Buenos Aires: Recoleta: markets, upmarket hotels and the grave of Eva Peron


This weekend I spent a day in our neighbouring barrio of Recoleta. It is one of the wealthiest parts of the city. In the late 1800s there was an outbreak of yellow fever in Buenos Aires. Many of the richer residents moved out here to escape the problems in the low lying areas, thus forming the neighbourhood.

Today it is home to some exclusive shops, plus the Hyatt and Four Seasons hotels both loom nearby.


It has a good little artisan market on weekends and holidays. You can see stallholders banging hammers or stitching stuff, suggesting to me that they do actually make the things themselves, rather than paying someone in a factory in China.


Recoleta market on Saturday

It is also home to Recoleta cemetery.


Recoleta cemetery

Free to go in and wander around it contains the grave of Eva Peron. It’s easy to find her grave; you just look for the gaggle of people with selfie sticks and you’ve almost certainly found it.


Eva Peron’s grave. It took a long time for her body to be laid to rest here. After the military junta took over it disappeared and finally turned up again in Italy.  From there it went to Spain, where her husband was living in exile with his third wife.  They kept it in their lounge. Only after Juan Peron was returned to power did the body of his first wife arrive back in Argentina and went here to her family crypt.  


This past week has disappeared in a blur of apartment hunting and other practicalities.

I finally found somewhere to live until the end of January. I still don’t feel ready to dive into a longterm commitment with the city. I’m at that stage in a relationship where you really like someone but you’re still not sure if you can live with some of their irritating little habits and anyway who knows? There may be someone better just around the corner….


View from the balcony at my ‘old’ apartment.

I shall be moving out of trendy Palermo the day after Christmas and into the very centre of the city (unimaginatively called El centro), just a block away from the obelisk.

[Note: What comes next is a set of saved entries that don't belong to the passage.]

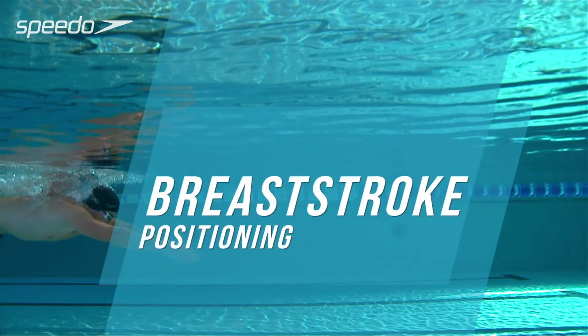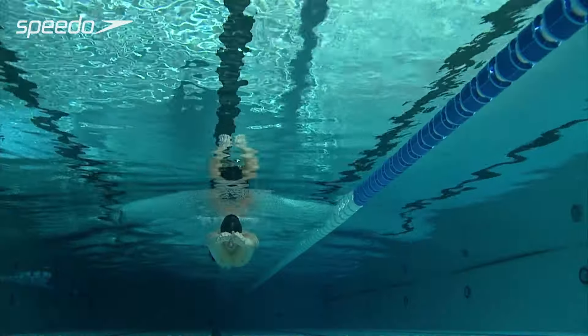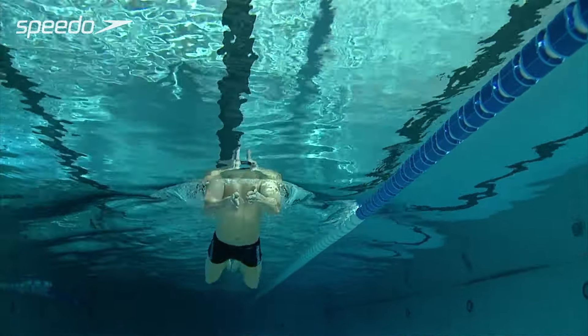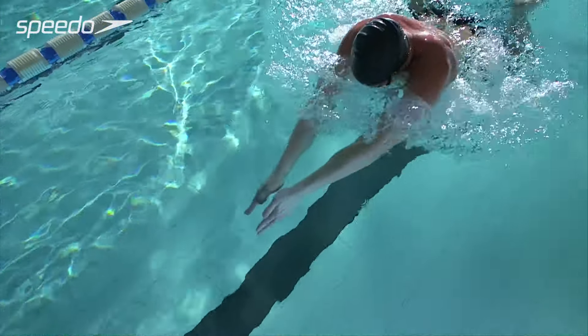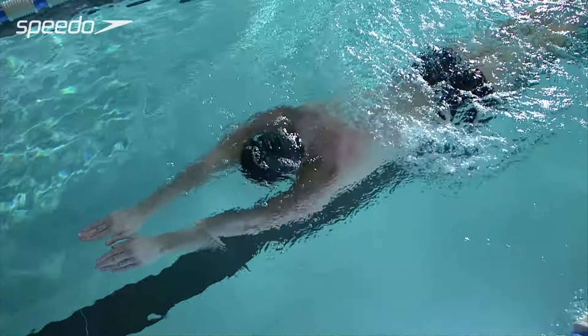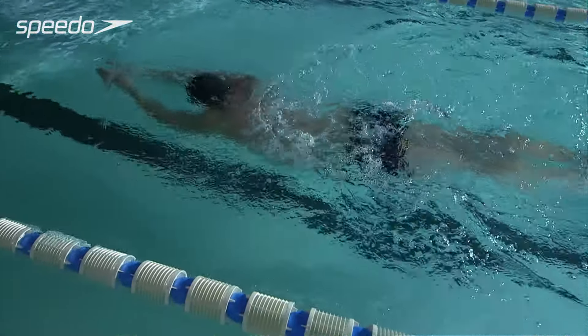The correct body position allows you to become more streamlined, improving your efficiency in the water. To keep your body as straight as possible from your head to your hips, position your head facing forwards and tilted slightly downwards.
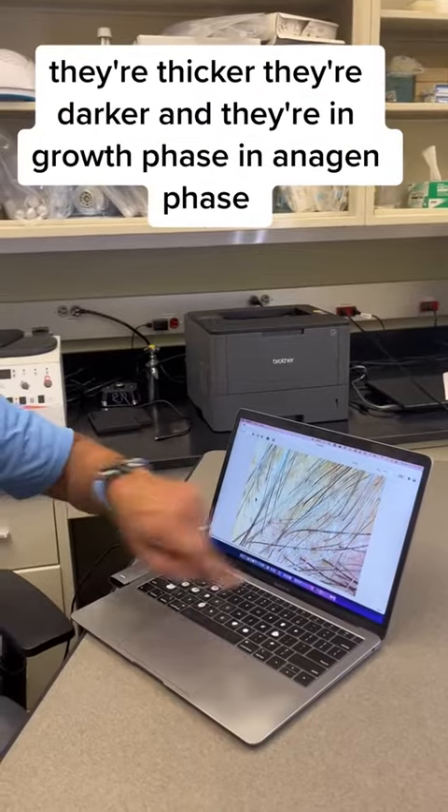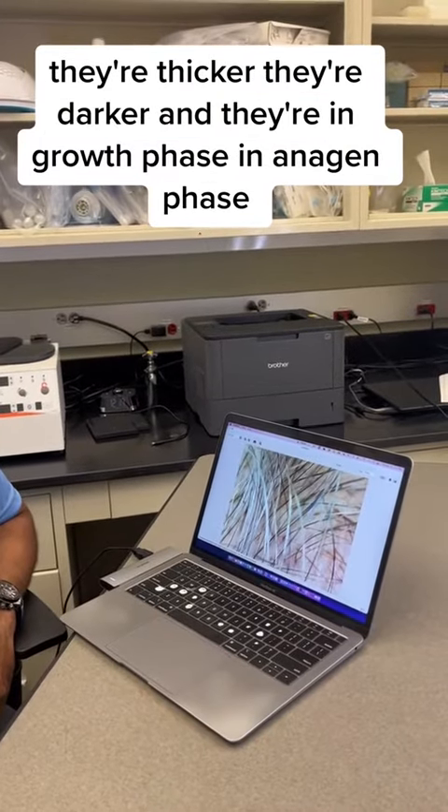See these follicles here? They're thicker, they're darker, and they're in growth phase — in anagen phase.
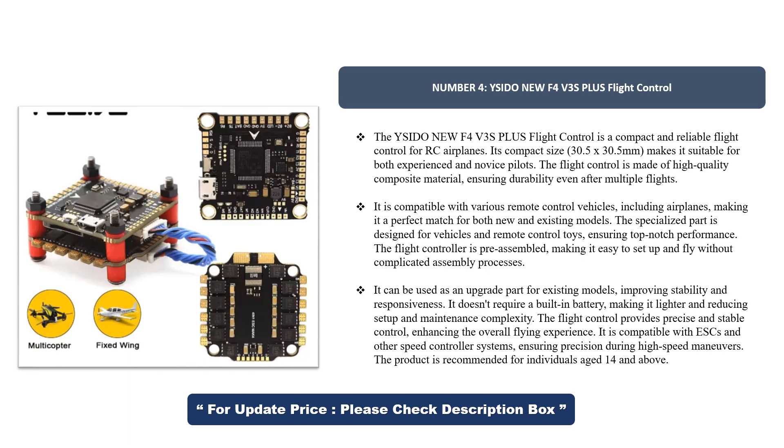The flight controller is pre-assembled, making it easy to set up and fly without complicated assembly processes. It can be used as an upgrade part for existing models, improving stability and responsiveness. It doesn't require a built-in battery, making it lighter and reducing setup and maintenance complexity. The flight control provides precise and stable control, enhancing the overall flying experience. It is compatible with ESCs and other speed controller systems, ensuring precision during high-speed maneuvers. The product is recommended for individuals aged 14 and above.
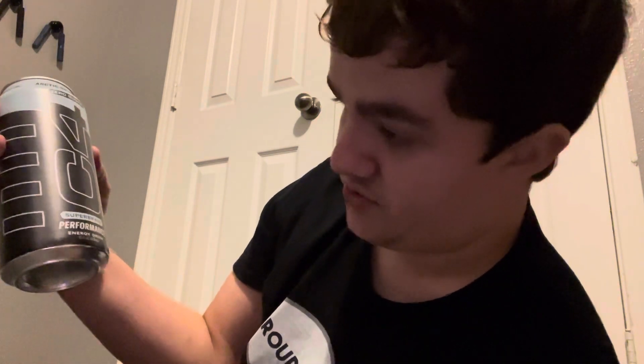Hello everyone, Cameron44 back for another video. And today I have this — it is C4 Ultimate Energy Super Brain Performance Energy Drink Zero Sugar. This one is Arctic Snow Cone.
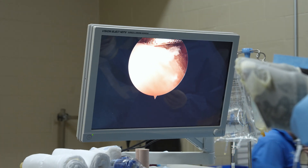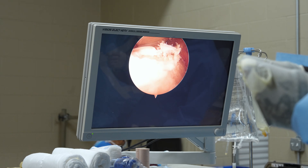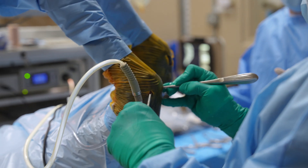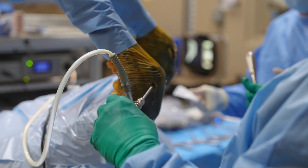We have radiographed before and we know exactly where that fragment is. So what the surgeon is doing — with the highly skilled technique that he has — is going in and putting the camera in one side of the joint and the instrument in the other side of the joint. That's called triangulation.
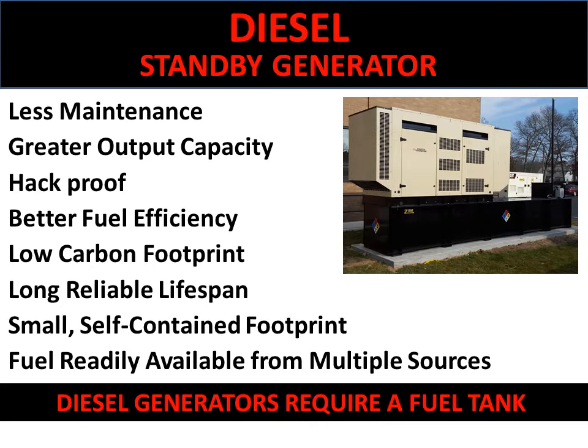When it comes to standby power, diesel standby generators are amazing. They have less maintenance, greater output capacity, they're hack-proof, and they offer better fuel efficiency with a low carbon footprint. They have long, reliable lifespans.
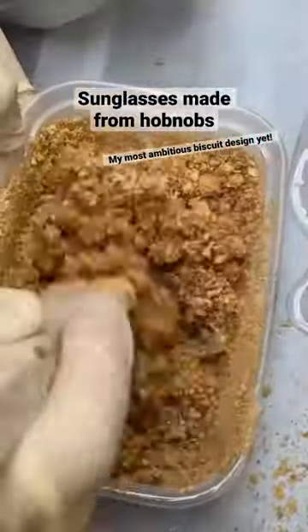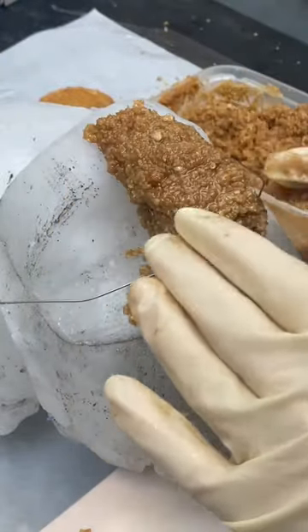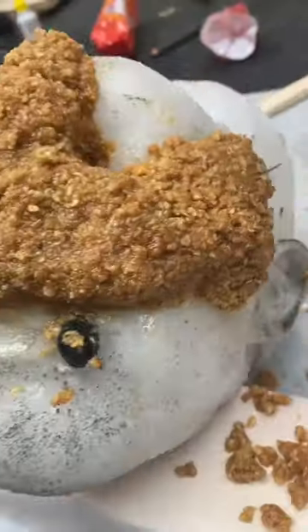I'm going to form it around a replica of my head that I made out of wax recently. I fitted the candle head with a wire frame to form the Hobnob resin dough on. It was crumblier than expected and bits kept falling off. When my design was complete I left the resin to harden.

The obelisk, attempting to hide behind some art work

I’m not sure how I will get on there. Whenever I have to go into the city centre I can never wait to get out again, because it is so crowded. However I wanted to be within walking distance of my Spanish school, so I thought I would give it a try for a month or so.

4 replies »

  1. Hi Sarah

    Oh this looks lovely. The architecture and the beautiful blue skies; I am very envious. I think you are doing the right thing. Just taking your time and seeing how the place feels. Poor old Eva! Why would you have your dead wife’s body in your home? She clocked up some air miles even when dead! Bizarre. xx

  2. Hello there! 🙂

    Haha, I love your witty remarks:

    “..they actually make the things themselves rather than paying someone in a factory in China.”

    “It’s easy to find [Eva Peron’s] grave; you just look for the gaggle of people with selfie sticks.”

    I don’t know why, but I feel a little bit offended whenever people take selfies with dead people graves. While smiling.

    • thanks 🙂 yes I also think there’s something about taking your picture stood next to a grave that is a little bit sick. But each to his/her own.